What this person obviously did not understand was the fact that every aboriginal culture requires an idol and an altar for worship. In the South, athletics in general, and football in particular, fulfill those roles.

Why would anyone need to understand calculus, economics or history when all they really need to read is a scoreboard?

When one sees a vehicle festooned with orange, red, or red and black, it is probable that the number of football decorations is an inverse ratio to the likelihood that the driver ever went to college at that school or can even spell college.

Some fanatics would probably be challenged to spell "UT" or "UGA."

Can college and secondary administrators and coaches be blamed for their worship of athletics over academics? Hardly! As the high priests of this culture, they are expected to produce a winning season or risk the wrath of the indigenous population.

Questionable recruiting, dubious hardship transfers and grade manipulation are a small price to pay for a winning season. Hopefully, when the athlete's career ends, the letter jacket will keep him warm while working the drive-through window.

PAUL EDWARDS

Protesters should work within system

Didn't the "Occupiers" learn anything from the '60s?

Protesting the system in general doesn't work. It took us a while to realize this so maybe they can learn from the past.

Suggestion 1: Make some bright red T-shirts that say "Occupier." Go to agencies around town and ask the directors how much funding they have lost this year. Pitch in to fill the void at community centers, schools, etc., wearing those shirts and "Occupy" someplace that can use volunteers.

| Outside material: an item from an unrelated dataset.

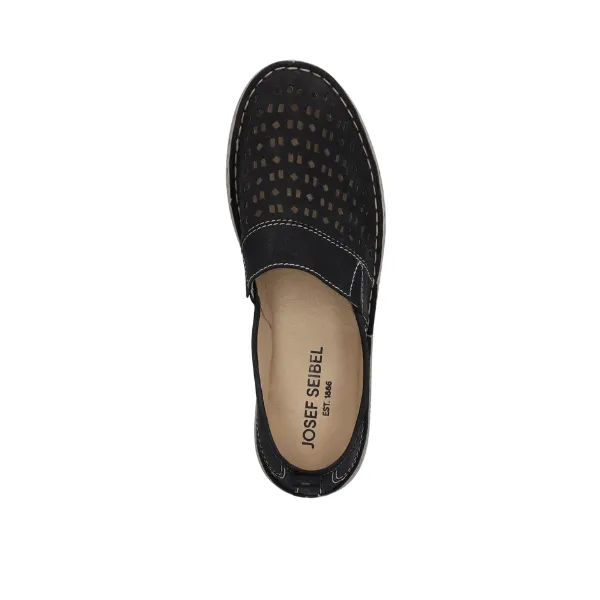 Josef Seibel Women's Sofie 27 Black fall mood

Suggestion 2: Work from within the system. Everyone has elected officials who love to hear from constituents. Make an appointment and talk to them. Share your constructive ideas. These people are in a position to make changes, and they need to know about your priorities. Get on a first-name basis with your local city and county council people. Go to public meetings and speak if it is allowed.

Show the rest of the country how it should be done. Concentrate your efforts. Negative publicity will only hurt your causes. If you can't articulate specific requests, you won't be taken seriously.

ROBBIE MOORE

Novel shows power of positive thinking

Sherman Alexie's "The Absolutely True Diary of a Part-time Indian" is a novel about hope in a young boy's journey to self-discovery.

Every adolescent experiences this same pilgrimage that leads him or her to an unearthing of identity.

Alexie's young protagonist faces devastatingly dark and seemingly insurmountable obstacles, these scenes of pain and turmoil characterized and condemned as "perversion" by parents of Dade County students.

These dismal themes are in no way glorified or encouraged by the text. Conversely they are presented through the lens of a hopeful adolescent's perspective to which young readers may easily relate.

He proves strong in the midst of his trials finding hope, joy and love, proving the power of positive thinking.

Readers receive the privilege of learning the valuable lesson of not giving in to despair.

Widely regarded author, lecturer and mythologist Joseph Campbell implores his readers to, "Participate joyfully in the sorrows of the world. We cannot cure the world of sorrows, but we can choose to live in joy." This is conveyed clearly and in a way to elicit participation from readers and therefore should remain a work of literature read by literature students in any classroom.